Using Github

By default Github will use SSH to clone repositories. It defaults to using git@github.com as a user with the default id_rsa key. To override this we can add the following to our git config:

  38   │ Host github
  39   │     User git
  40   │     Hostname github.com
  41   │     IdentityFile ~/.ssh/github
  42   │     IdentitiesOnly yes

This way, all clone/commit commands will be done with git clone github:user/repo rather than git clone git@github.com:user/repo

Git repositories

In git, repositories are made up of two things: a “work tree” where files meant to be version controlled live and a “git directory” where Git stores its own data. So if we are working on a specific project, the “work tree” will generally be the file structure where we do our work - the files we keep and what we generally interact with.

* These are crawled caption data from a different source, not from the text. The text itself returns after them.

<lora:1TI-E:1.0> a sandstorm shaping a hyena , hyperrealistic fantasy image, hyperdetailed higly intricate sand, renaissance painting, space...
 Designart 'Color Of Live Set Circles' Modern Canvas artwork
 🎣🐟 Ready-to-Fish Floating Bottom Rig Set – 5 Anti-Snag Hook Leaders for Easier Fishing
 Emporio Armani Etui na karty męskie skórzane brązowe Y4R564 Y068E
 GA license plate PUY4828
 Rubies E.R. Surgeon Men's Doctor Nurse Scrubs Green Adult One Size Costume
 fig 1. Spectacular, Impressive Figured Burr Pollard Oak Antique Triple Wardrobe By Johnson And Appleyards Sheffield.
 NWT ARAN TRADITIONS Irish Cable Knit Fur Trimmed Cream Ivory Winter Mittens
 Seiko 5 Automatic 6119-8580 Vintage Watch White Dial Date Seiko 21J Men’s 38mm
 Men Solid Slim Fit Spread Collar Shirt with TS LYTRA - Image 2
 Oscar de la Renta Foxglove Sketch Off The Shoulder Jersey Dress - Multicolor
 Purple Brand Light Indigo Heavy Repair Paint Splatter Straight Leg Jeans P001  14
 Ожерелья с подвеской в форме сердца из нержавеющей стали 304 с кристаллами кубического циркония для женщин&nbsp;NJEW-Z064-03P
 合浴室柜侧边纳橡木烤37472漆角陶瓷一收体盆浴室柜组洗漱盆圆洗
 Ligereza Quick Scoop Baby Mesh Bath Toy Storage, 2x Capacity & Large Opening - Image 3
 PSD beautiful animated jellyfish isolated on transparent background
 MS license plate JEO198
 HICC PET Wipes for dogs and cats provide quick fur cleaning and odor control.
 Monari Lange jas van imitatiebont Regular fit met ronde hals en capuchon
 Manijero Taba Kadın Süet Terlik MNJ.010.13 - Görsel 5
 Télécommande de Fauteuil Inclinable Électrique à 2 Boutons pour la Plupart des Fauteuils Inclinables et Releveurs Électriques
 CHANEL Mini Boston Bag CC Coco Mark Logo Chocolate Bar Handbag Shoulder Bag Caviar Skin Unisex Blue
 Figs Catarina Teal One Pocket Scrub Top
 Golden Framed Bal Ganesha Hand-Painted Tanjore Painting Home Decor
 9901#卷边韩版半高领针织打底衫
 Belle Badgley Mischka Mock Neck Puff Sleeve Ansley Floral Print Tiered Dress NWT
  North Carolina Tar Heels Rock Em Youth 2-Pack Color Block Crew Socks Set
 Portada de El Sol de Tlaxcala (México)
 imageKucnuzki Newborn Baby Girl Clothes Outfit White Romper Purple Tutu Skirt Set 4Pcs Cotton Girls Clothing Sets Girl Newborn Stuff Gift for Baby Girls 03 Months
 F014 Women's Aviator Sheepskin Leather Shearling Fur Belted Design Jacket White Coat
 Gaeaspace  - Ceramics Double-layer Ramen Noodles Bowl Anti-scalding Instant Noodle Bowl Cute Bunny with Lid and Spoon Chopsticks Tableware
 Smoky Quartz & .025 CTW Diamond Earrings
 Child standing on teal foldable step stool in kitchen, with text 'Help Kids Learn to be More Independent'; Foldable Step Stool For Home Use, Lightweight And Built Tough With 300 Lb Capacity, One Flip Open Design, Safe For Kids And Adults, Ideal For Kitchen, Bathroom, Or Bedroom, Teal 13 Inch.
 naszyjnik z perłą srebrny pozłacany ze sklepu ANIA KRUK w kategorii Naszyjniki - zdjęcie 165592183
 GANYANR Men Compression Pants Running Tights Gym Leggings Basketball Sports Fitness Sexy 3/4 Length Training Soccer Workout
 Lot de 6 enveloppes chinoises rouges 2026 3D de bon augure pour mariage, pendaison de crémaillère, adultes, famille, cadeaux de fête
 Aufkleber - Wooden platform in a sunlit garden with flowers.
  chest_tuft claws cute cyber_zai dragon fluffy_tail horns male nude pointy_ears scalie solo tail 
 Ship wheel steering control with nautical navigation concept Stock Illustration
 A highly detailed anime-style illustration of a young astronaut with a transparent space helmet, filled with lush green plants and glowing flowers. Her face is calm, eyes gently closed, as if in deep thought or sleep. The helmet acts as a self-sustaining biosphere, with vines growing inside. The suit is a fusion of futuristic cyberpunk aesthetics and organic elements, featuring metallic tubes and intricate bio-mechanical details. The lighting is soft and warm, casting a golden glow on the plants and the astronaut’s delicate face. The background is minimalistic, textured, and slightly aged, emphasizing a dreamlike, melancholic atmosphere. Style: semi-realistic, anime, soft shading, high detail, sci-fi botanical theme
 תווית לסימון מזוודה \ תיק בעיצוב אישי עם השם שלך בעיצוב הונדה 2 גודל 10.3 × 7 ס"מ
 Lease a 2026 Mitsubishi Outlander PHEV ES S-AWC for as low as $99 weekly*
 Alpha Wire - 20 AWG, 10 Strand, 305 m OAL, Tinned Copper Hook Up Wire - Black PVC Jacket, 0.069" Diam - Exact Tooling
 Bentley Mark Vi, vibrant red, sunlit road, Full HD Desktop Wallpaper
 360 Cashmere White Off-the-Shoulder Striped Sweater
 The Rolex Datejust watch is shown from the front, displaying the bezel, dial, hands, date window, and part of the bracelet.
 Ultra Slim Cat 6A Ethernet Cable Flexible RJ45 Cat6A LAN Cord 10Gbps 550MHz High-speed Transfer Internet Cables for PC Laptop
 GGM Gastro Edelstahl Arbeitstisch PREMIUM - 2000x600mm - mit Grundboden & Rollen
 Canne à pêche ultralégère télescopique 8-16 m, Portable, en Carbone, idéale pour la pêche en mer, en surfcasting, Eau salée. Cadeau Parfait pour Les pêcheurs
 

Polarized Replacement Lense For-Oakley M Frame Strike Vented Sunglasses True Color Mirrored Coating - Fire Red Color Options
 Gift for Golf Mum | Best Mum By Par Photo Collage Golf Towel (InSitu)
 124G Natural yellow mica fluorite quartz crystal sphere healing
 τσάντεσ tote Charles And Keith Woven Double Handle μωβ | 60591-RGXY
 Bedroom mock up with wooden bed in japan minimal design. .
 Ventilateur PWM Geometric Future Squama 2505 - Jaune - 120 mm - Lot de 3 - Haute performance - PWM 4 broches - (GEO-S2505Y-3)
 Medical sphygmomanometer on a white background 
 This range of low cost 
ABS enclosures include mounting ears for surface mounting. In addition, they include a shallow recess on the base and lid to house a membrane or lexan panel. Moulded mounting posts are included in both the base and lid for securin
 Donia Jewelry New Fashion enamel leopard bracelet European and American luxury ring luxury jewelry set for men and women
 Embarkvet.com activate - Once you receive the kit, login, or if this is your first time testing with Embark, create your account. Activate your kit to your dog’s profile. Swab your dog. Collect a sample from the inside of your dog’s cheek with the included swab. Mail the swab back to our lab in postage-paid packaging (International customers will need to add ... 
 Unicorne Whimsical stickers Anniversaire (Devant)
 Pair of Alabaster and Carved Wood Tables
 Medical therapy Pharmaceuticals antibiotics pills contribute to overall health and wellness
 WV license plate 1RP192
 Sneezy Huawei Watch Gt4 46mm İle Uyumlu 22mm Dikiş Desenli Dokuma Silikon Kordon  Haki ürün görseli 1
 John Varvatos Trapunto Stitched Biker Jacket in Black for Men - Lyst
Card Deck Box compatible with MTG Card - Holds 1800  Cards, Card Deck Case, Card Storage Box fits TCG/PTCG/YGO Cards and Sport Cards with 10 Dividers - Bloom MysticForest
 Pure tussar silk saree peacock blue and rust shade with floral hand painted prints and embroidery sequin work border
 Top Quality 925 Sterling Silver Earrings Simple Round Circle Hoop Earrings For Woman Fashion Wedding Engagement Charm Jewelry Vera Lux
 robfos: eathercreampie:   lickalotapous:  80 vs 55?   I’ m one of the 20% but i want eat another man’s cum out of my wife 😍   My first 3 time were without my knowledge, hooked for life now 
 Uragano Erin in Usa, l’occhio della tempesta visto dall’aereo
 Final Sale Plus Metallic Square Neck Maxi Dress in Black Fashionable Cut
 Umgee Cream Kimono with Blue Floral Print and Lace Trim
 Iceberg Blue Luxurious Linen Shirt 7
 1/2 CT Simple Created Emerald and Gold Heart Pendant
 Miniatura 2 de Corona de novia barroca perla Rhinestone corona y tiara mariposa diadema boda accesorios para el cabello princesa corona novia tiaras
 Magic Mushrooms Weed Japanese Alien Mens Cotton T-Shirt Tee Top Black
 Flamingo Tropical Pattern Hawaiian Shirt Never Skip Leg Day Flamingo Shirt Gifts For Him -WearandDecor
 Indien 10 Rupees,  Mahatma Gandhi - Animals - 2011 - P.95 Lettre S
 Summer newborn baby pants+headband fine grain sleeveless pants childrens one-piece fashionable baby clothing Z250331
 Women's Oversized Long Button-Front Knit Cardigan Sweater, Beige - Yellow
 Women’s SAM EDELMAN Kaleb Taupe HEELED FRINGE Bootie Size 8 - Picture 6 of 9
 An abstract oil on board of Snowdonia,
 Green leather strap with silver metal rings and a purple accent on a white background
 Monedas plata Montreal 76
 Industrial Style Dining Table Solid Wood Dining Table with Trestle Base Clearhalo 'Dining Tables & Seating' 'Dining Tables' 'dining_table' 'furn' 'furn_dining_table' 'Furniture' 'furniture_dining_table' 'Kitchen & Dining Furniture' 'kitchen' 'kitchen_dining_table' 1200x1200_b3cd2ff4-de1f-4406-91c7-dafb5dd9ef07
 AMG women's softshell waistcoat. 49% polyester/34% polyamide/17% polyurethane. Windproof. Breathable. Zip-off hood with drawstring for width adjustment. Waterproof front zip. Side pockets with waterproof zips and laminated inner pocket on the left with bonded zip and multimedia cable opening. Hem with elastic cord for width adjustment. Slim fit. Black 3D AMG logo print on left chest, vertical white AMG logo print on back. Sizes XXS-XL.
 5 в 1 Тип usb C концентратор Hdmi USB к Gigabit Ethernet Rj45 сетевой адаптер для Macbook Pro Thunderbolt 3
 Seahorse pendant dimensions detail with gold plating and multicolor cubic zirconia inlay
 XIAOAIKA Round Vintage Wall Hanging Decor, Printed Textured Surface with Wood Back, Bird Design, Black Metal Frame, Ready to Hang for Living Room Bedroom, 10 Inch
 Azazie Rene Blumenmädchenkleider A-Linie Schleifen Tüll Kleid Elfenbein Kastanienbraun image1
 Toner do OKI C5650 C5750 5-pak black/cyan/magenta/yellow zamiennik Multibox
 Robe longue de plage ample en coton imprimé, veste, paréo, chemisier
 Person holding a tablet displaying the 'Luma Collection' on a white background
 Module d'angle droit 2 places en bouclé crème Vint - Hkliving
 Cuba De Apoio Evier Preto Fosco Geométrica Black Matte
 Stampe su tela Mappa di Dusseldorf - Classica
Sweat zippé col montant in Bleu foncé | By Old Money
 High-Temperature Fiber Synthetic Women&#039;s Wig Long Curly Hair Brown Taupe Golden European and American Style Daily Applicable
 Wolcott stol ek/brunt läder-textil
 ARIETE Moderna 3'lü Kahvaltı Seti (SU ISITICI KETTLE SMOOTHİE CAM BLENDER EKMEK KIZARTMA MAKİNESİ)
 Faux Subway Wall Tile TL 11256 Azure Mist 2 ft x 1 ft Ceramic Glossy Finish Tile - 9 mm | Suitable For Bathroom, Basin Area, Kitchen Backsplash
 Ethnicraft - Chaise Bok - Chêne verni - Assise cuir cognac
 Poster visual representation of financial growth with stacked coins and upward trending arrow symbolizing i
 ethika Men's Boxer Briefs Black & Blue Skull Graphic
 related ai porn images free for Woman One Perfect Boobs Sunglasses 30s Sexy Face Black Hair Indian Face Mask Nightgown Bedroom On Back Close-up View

On the other hand, the “git directory” is a child directory of the “work tree” and it’s the place where objects and tracking data is stored (after all, the files we work on themselves will probably not be equipped to handle version controls).

A git directory,then, contains the following:

# .git/            - the git directory itself
# .git/objects/    - the object store
# .git/refs/       - the reference store, which contains 'heads' and 'tags'
# .git/HEAD        - a reference to current HEAD
# .git/config      - the repo's config file
# .git/description - the repo's description file

In most git programs, running init will create a .git directory with all of the above.

The description file is only used by the GitWeb program to generate a description of the repository when browsing through a web interface. The config file contains project-specific configuration options.

The objects, refs, and HEAD are the core part of a git repository. ./objects/ stores all the content of the database, while ./refs./ stores pointers to commit objects in that data (things like branches, tags, etc.). Lastly, HEAD is a file that simply points to the current checked out branch.

There is another file called index that can be created to store staging area information.

What are Git objects?

There are four types of git objects: blobs, tags, trees, and commits.

At its core, Git is a “content-addressed filesystem”. This means that the name (or address) of any given objects is derived from the content of the file itself through a mathematical algorithm; this is unlike regular filesystems that can have arbitrary file names.

The implication of this is that when even a single byte of data changes within a file the internal name of that file will also change. As a result, files are not technically modified but always created in a different location. And so, git objects are simply files in a git repository whose paths are determined by their contents. It is also worth noting that most other items in git are objects too, such as commits and tags.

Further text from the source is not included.